Notícias
do Tribunal Superior do Trabalho: Sexta Turma reconhece culpa
objetiva em acidente de trabalho
No Tribunal Superior do Trabalho, os ministros da Sexta Turma
não acataram apelo de empresa Copel Distribuição
S/A que, entre outros pedidos, pretendia a reforma da decisão
do TRT da 9.ª Região (PR) para, assim, eximir-se
da culpa por acidente que incapacitou um servidor para as atividades
laborais.
O empregado
da Copel encontrava-se no topo de uma escada e de lá
caiu – de uma altura de cerca de 10 metros – quando
o poste em que estava encostada a escada foi arrastado por caminhão
em manobra. Esse movimento inesperado do caminhão não
permitiu ao trabalhador pôr o cinturão de segurança,
antes de iniciar sua tarefa. Do acidente, resultou invalidez
parcial e irreversível do empregado.
A Copel
alega não ser caso de responsabilidade objetiva do empregador
e entende ser essa a situação em que deve ser
aplicado o art. 7.º, XXVIII, da Constituição
Federal, e não o art. 927 do Código Civil.

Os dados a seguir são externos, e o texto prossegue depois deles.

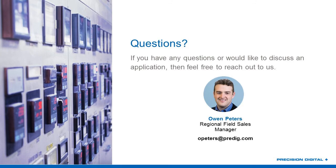That's all the questions we have for today. Thank you for your attendance — please fill out the survey when you leave, and hopefully we'll see you at another Precision Digital presentation. Thank you very much, Owen, and thanks to everyone who attended. Have a good rest of your week.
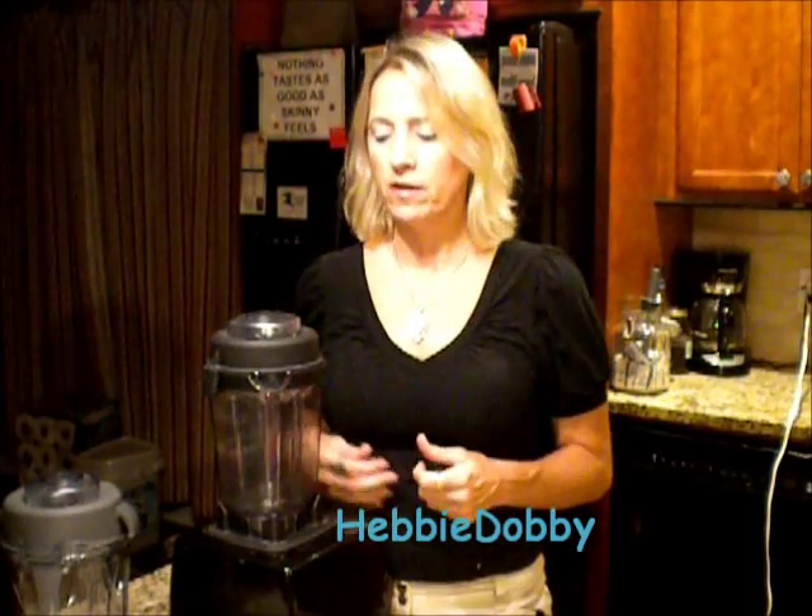Hey guys, it's me, Ms. HCG Girl, and I'm checking in to show you something that I learned from another HCG-er, and that would be Hebby Dobby, whom I miss and I love very much.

Aponta,
ainda, violação dos dispositivos mencionados e
divergência jurisprudencial.
O Tribunal
Regional paranaense fundamentou sua decisão no depoimento
do autor, na prova pericial e na descrição do
acidente, concluindo estar a atividade da Copel inserida no
rol daquelas abrangidas pela teoria do risco excepcional, que
justifica o dever de indenizar sempre que a atividade desenvolvida
pelo empregado constitui-se em risco acentuado ou excepcional
pela natureza perigosa, independentemente de comprovação
de culpa. Diante desses argumentos, o TRT afastou por completo
a alegada culpabilidade do empregado e considerou tão
somente a culpa objetiva da empresa.
Na Sexta
Turma, o ministro Aloysio Corrêa da Veiga, relator do
processo, considerou que no atual panorama da responsabilidade
civil, o inciso XXVIII do art. 7º da Constituição
Federal traz um direi to mínimo do trabalhador quanto
à indenização por acidente de trabalho
no caso de dolo ou culpa, mas, ressaltou, “outra norma
pode atribuir uma situação mais favorável
ao empregado que permita a responsabilidade por culpa lato sensu.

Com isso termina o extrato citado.